If $R$ with its normal operation has identity, then the monoid $(R,\circ)$ is (monoid) isomorphic with $(R,\cdot)$ via the mapping $a\mapsto 1-a$ from $(R,\cdot)$ into $(R,\circ)$. You can easily see that 1 is the only non-RQR element, and that all other elements have right inverses in $(R,\circ)$, and hence everything except 1 has two-sided inverses in $(R,\circ)$. By the isomorphism, everything but $0$ has a twosided inverse in $(R,\cdot)$.
So, all of that follows provided we can show that $(R,\cdot)$ has an identity!
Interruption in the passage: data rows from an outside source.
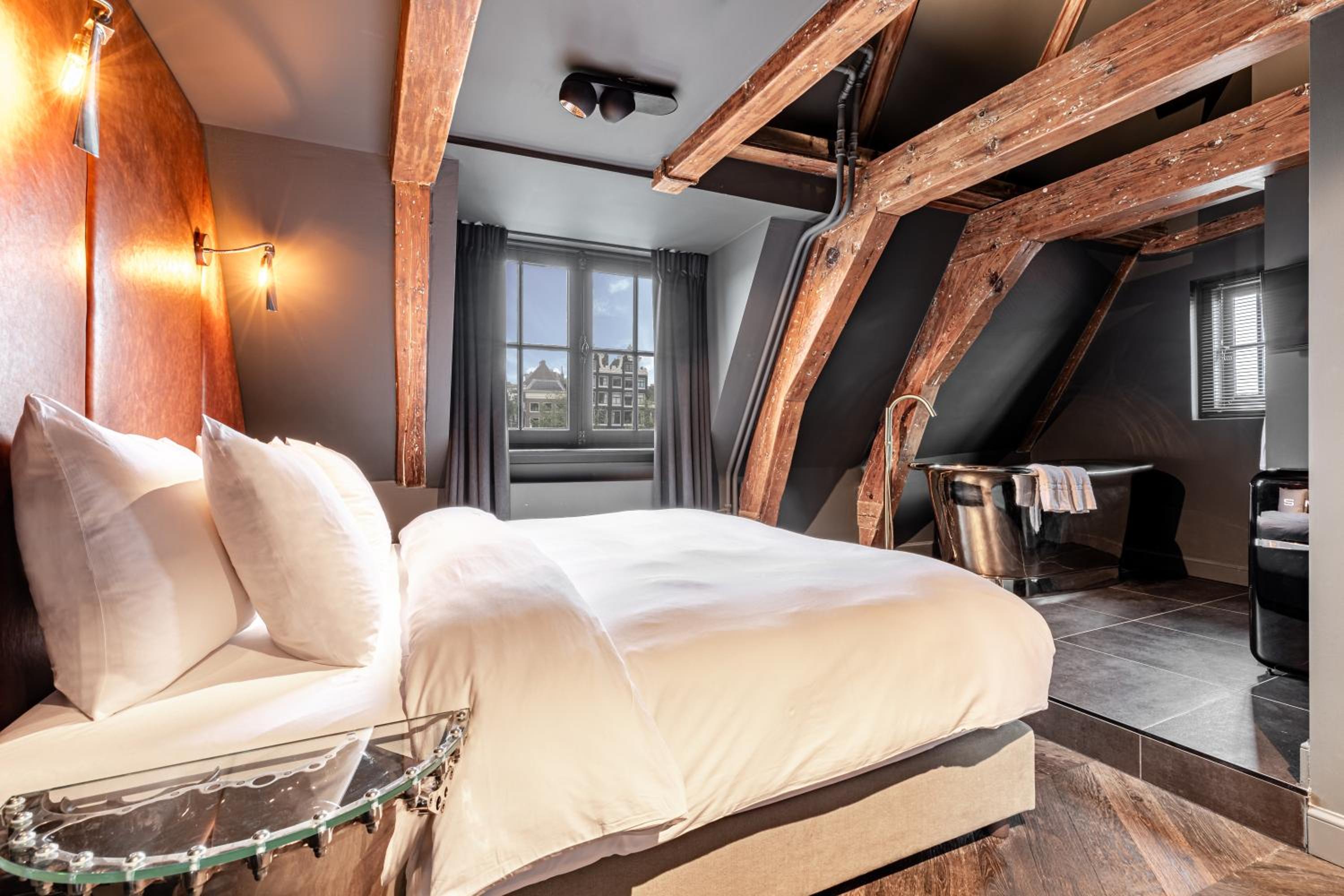 Loft with canal view: The Airplane builder photo 3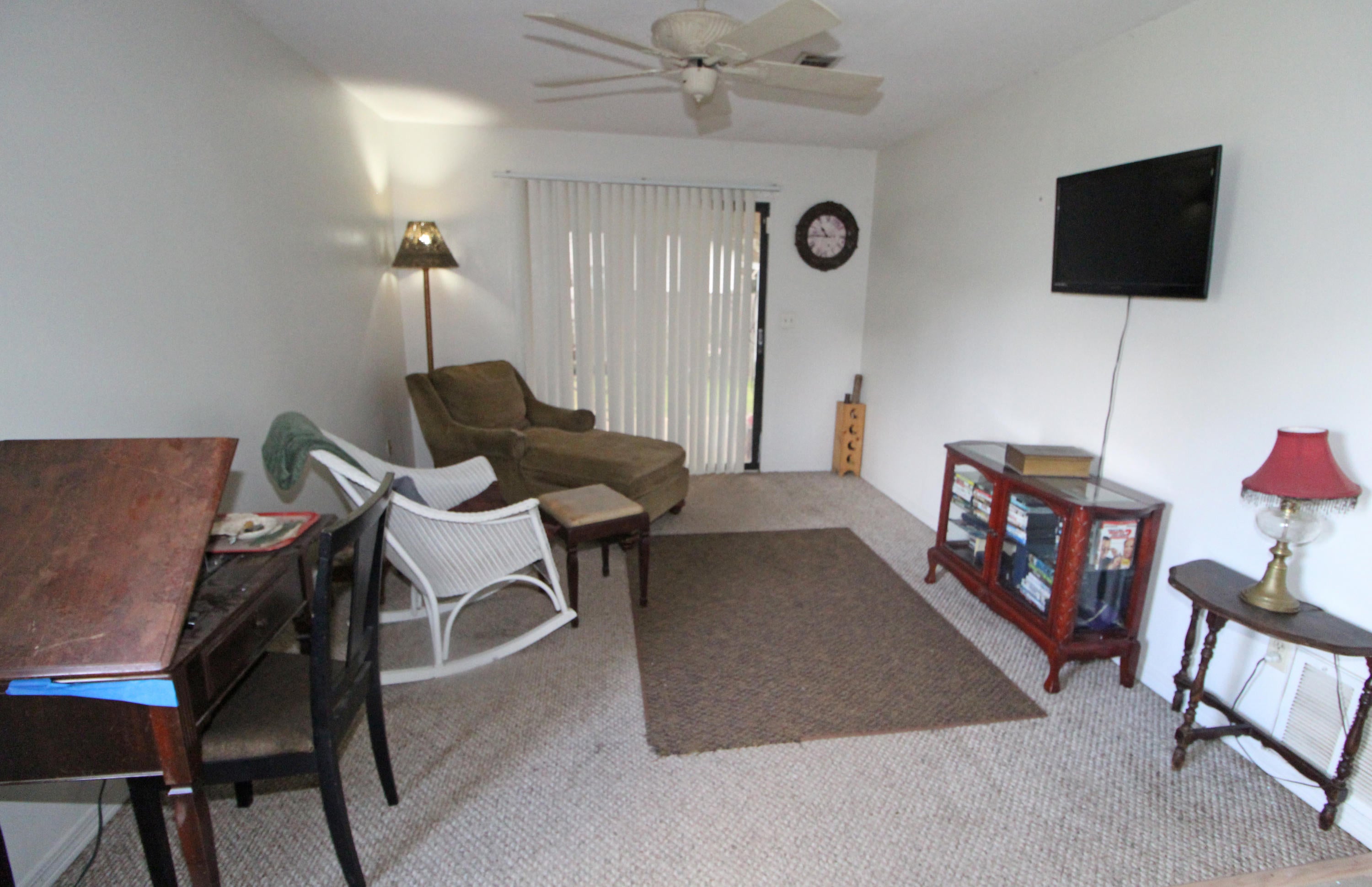 HILLTOP ACRES - Residential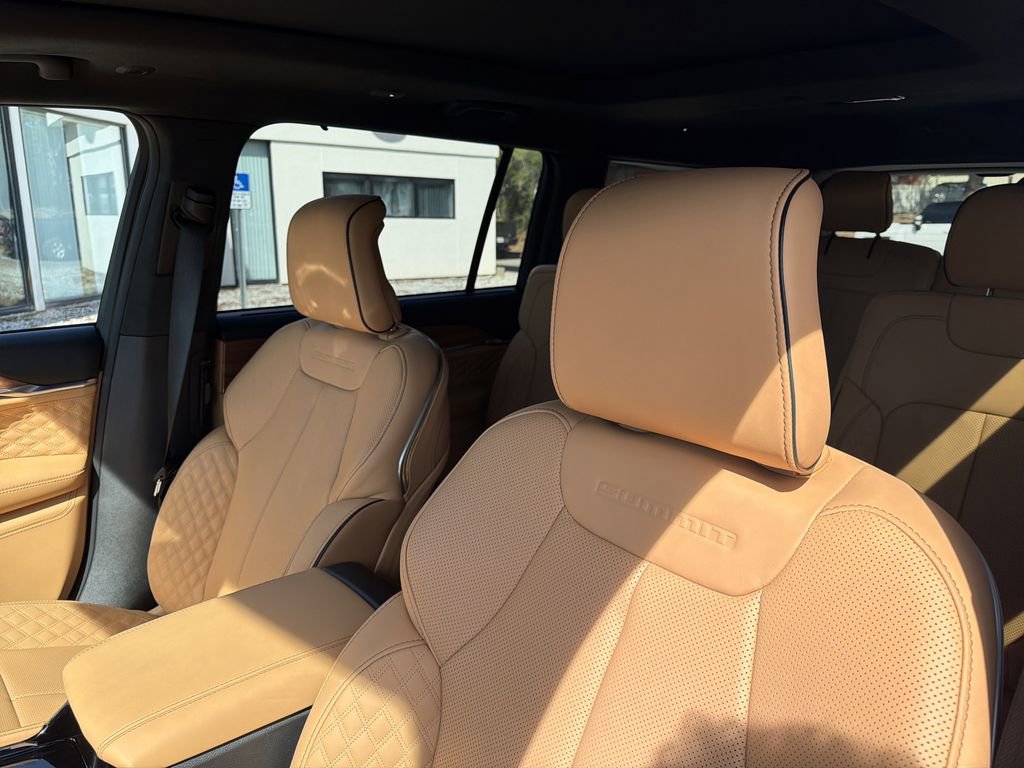 New 2026 Jeep Grand Cherokee L Summit image 12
We have an obvious candidate: $e$, which is the non-RQR element of $(R,\circ)$. I have arranged the hints below to help you complete this task.
Show that $e$ is the identity of $(R,\cdot)$ iff $e$ is two-sided absorbing in $(R,\circ)$, that is, $e\circ a=a\circ e=e$ for all $a\in R$.
The fact that $e\circ a=e$ for all $a\in R$ follows from $e$ being the only non RQR element of $(R,\circ)$.
(Edit:another, hopefully easier route:) Show that the only idempotents in $(R,\circ)$ are $0$ and $e$. Note $a\circ e$ is idempotent. If $a\circ e=e$, we are done. Examine the case when $a\circ e=0$.
1. The fact that $a\circ e=e$ for all $a\in R$ follows from the fact that $0$ is the unique monoid identity of $(R,\circ)$. That is to say, if $(a\circ e -e)\circ b=0$ for all $b$, you can conclude that $a\circ e -e=0$.